Q From Richard Hillman: I can't find the etymology of tussie-mussie anywhere! Can you help?

A This ignorant linguaphile’s first thought was “what in the name of everything wonderful is a ‘tussie mussie’?” A visit to the Web site of the Royal Horticultural Society sorted that out: “Tussie-mussies are posies assembled from a carefully chosen selection of flowers and herbs, usually to convey a specific message.” Then I went to my dictionaries: “Origin unknown”.

The Oxford English Dictionary is a little more forthcoming. It says that it may be a rhyming reduplicated form of tussy. This may in turn have come from an unrecorded word tus or tusse in the sense of a nosegay or garland of flowers. So its history is indeed poorly understood and “origin unknown” is a pretty good summary.

The word has gone through lots of different forms, suggesting that its early users were as uncertain about its antecedents as we are today.
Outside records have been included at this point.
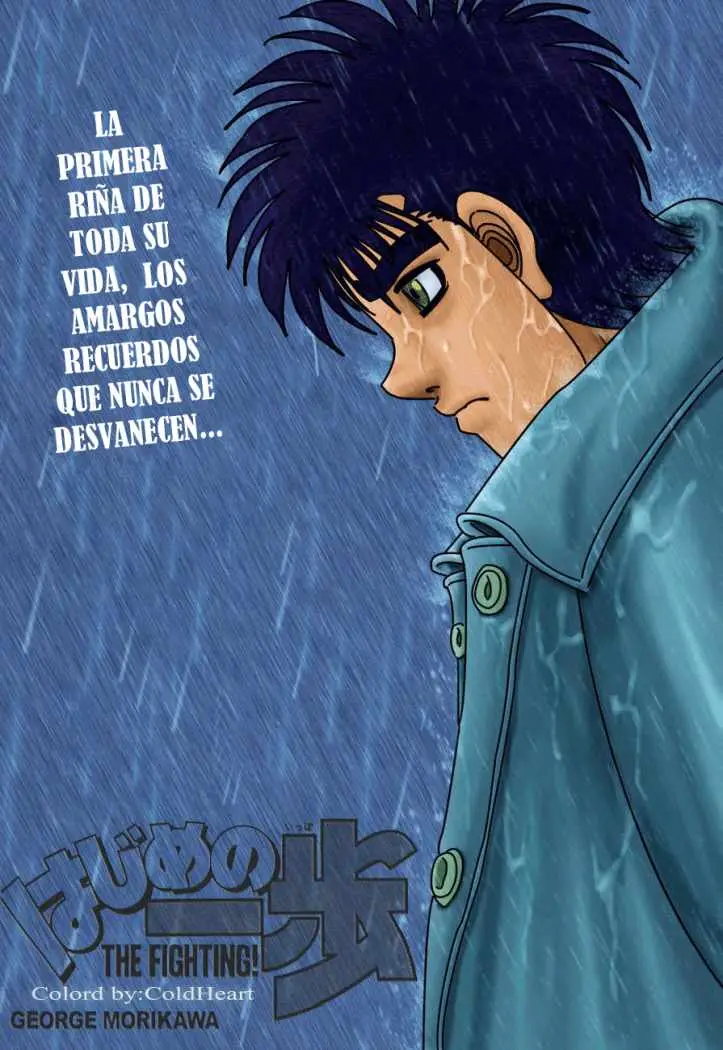 Hajime no Ippo (1989) - Capítulo 944 - Página 19 - LectorTMOo
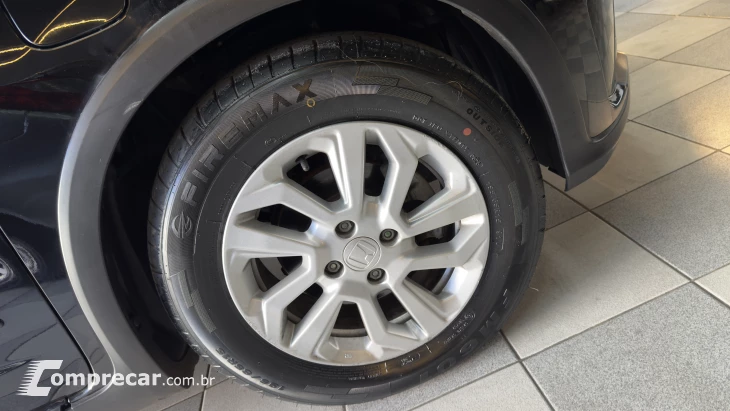FIT 1.5 Twist 16V
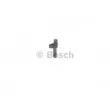 Capteur d'angle, vilebrequin BOSCH 0 261 210 122 - Visuel 3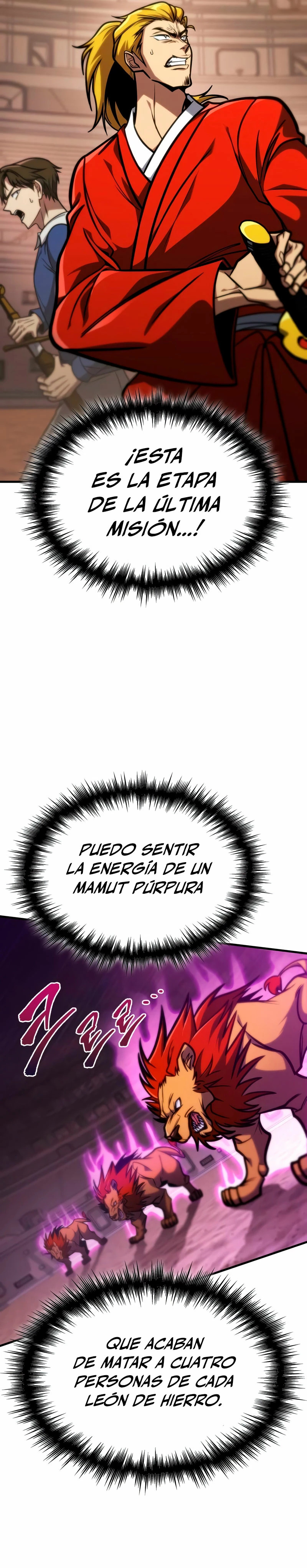 Read Tengo la guía exclusiva de la torre ES Manga Online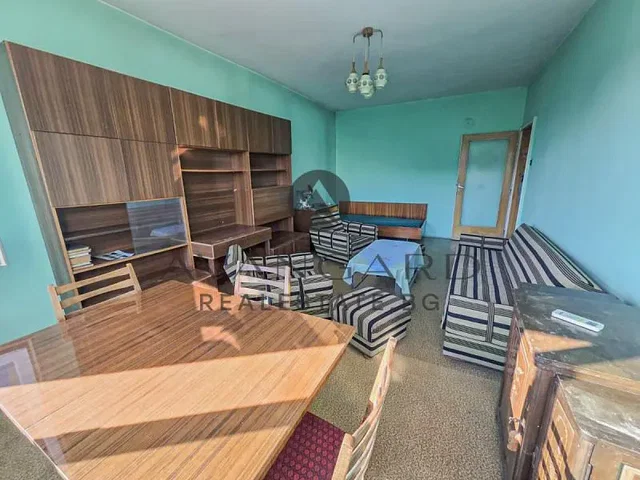 Obývací pokoj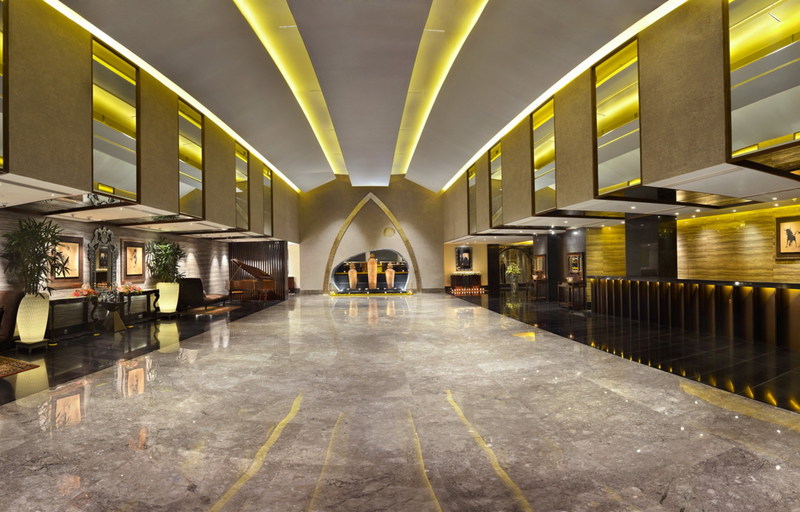 Photo of The LaLiT Great Eastern Kolkata, 5-star hotel in Kolkata (and vicinity)
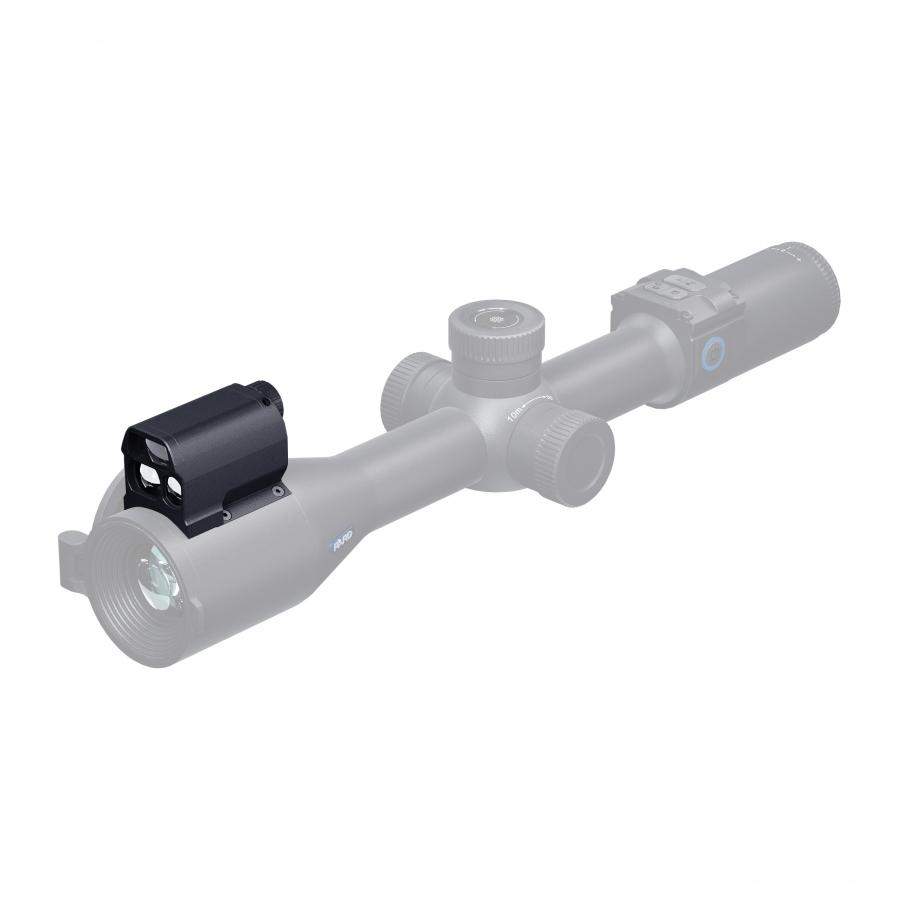 Moduł iluminator podczerwieni i dalmierz do PARD Night Stalker Pro i eX 850 nm 0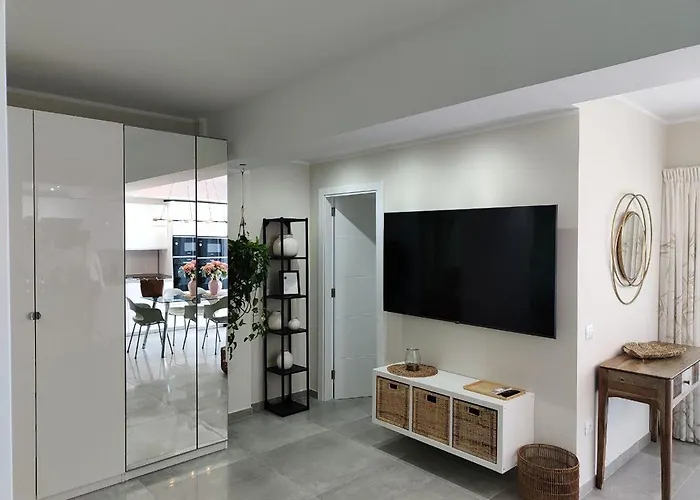 Le Terrazze 11 بويرتو ذي لا كروز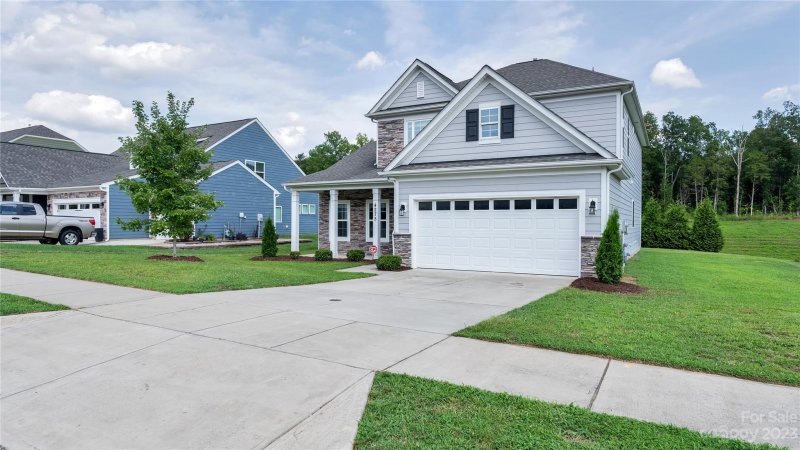 Property image 2 at 4275 Falls Lake Drive, Concord, NC 28025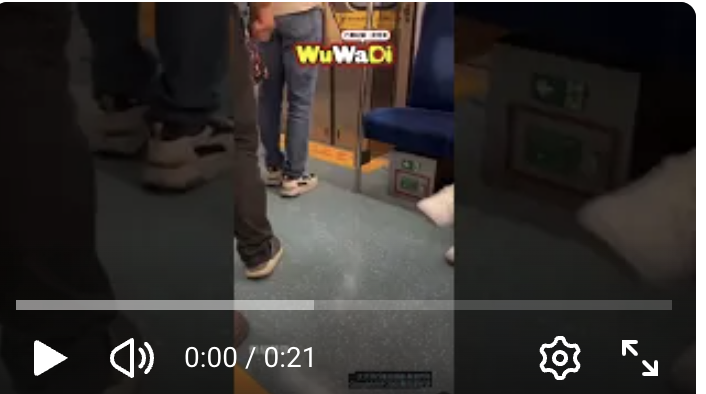 大廚下班也要坐火車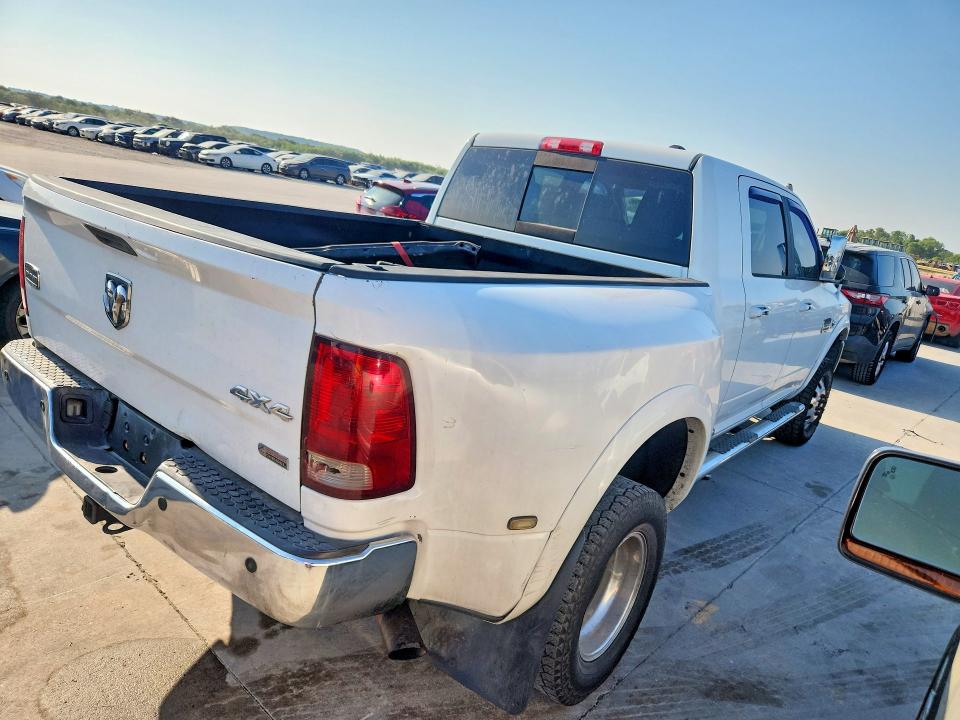 63290896 :رقم المزاد ، 3C63DRNL6CG297548 vin ، 2012 Dodge Ram 3500 مزاد بيع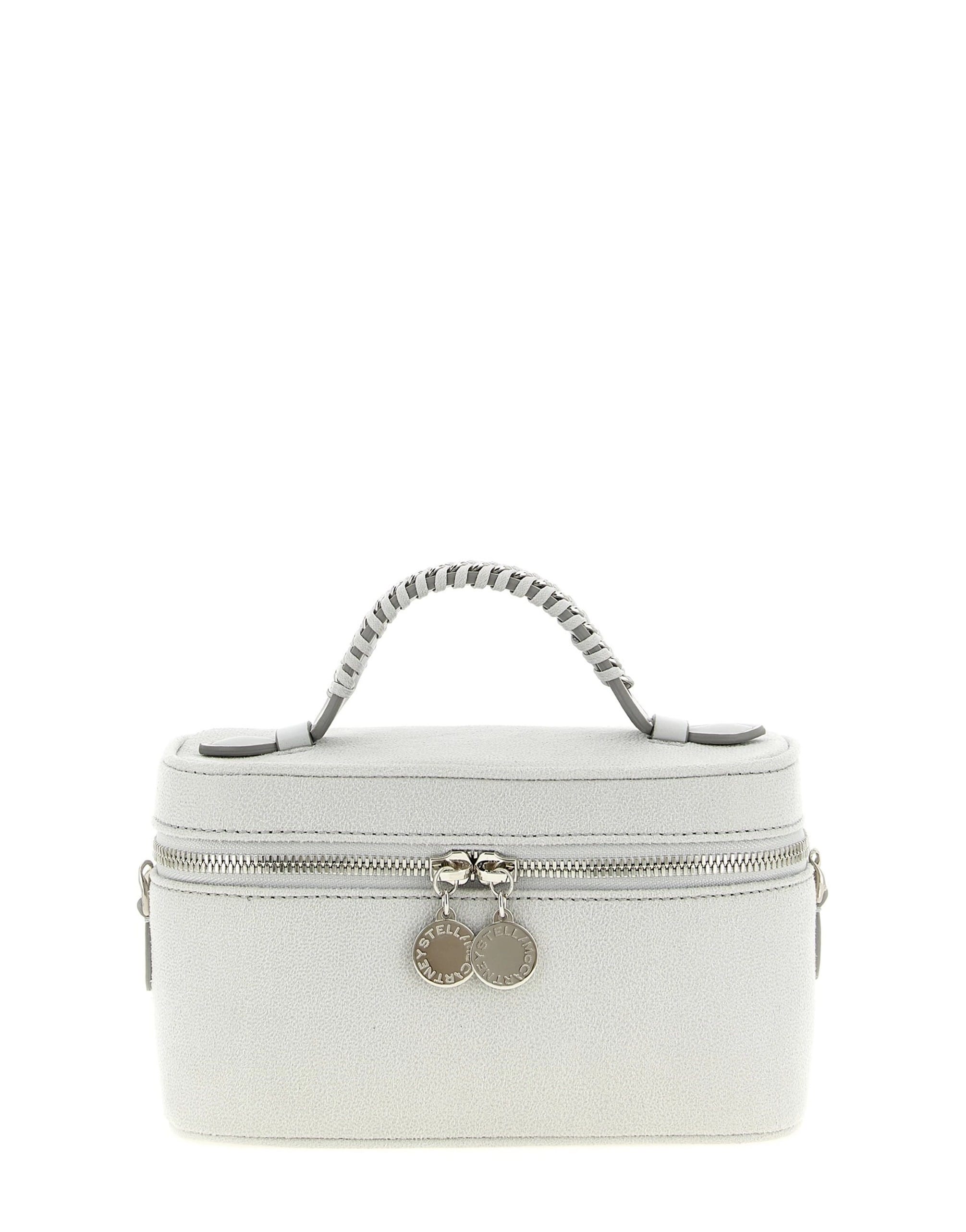 Stella McCartney Stella McCartney Vanity Falabella Crossbody Bag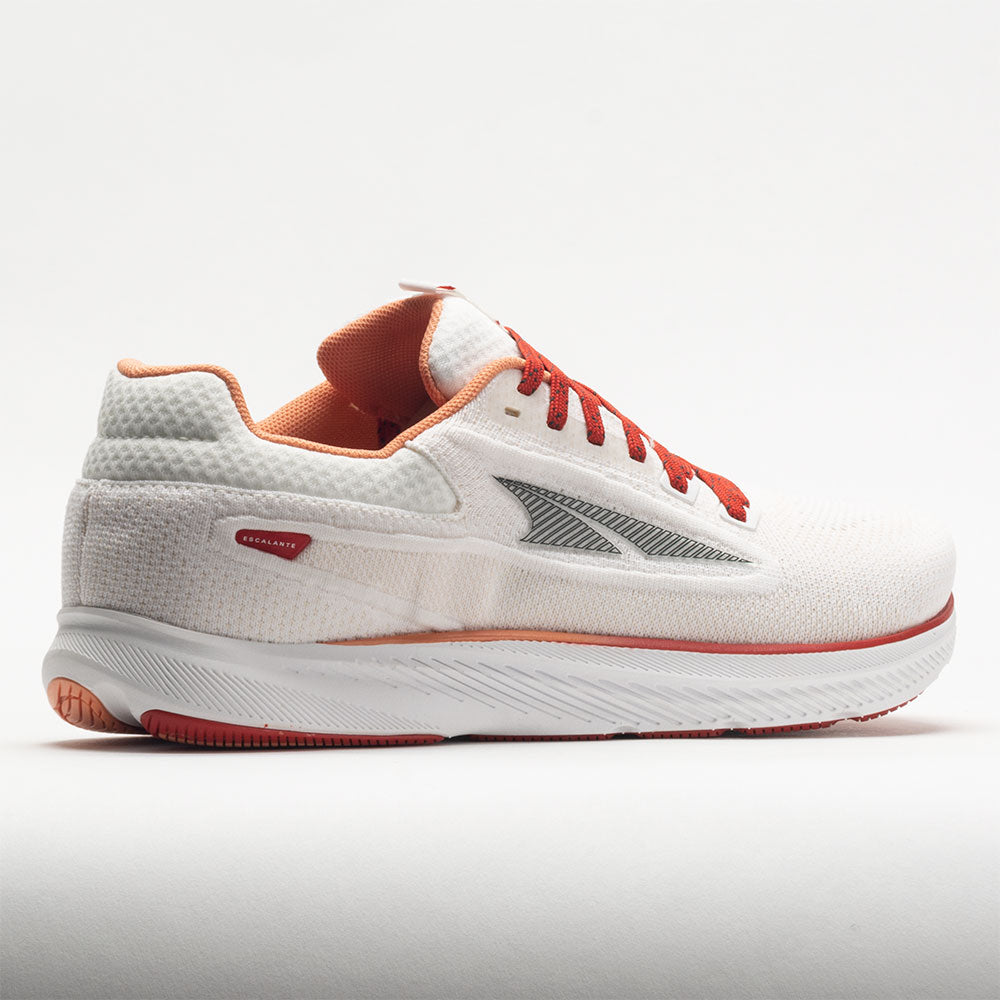 Altra Escalante 3 Men's White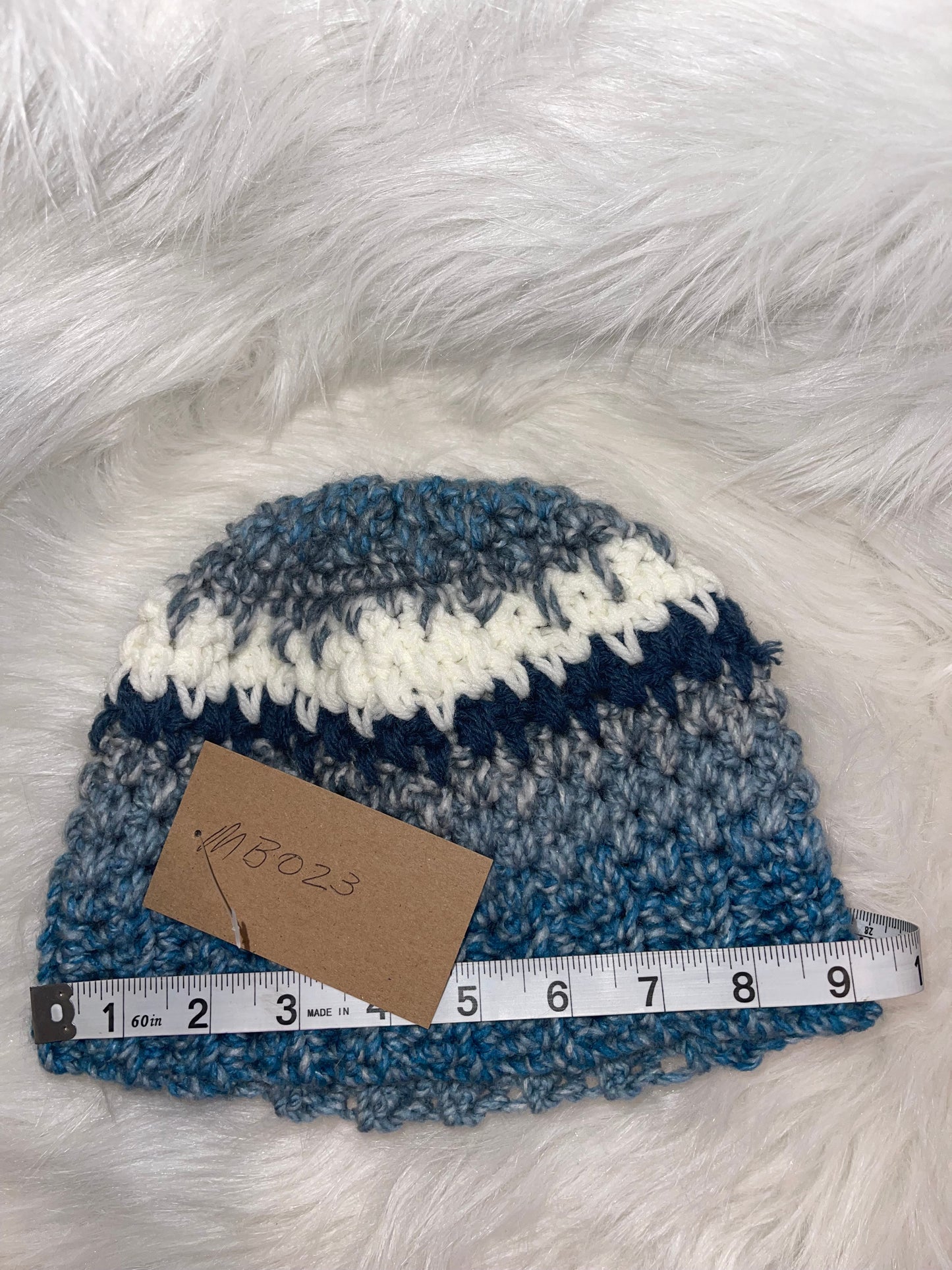 Maggie's Beanies - The Mix n Match - MB023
Its first recorded appearance was in about 1440, when it was written as tusmose. In later centuries the spelling settled down to tuzzy-muzzy.

By the end of the seventeenth century it seems to have disappeared from the standard language. The reason for this may lie in an entry in Captain Francis Grose’s Dictionary of the Vulgar Tongue, dated 1811, which says “TUZZY-MUZZY. The monosyllable.” Jonathon Green’s Cassell’s Dictionary of Slang says it was then a slang term for the vagina, so that “the monosyllable” was presumably cunt. William Dugdale was a famous publisher of porn in London (the Dictionary of National Biography says of him, ”During the 1840s he made his name as the largest publisher of obscene titles in England, a position unchallenged for over twenty years.”) One of his titles was a song book entitled The Tuzzymuzzy Songster.

The term was reintroduced around the 1940s in its original sense of a nosegay by someone who was ignorant of its by then long-defunct slang associations. In the process the spelling was changed to tussie-mussie. The first modern case I can find is in the rules for a flower show in Dixon, Illinois, in September 1947.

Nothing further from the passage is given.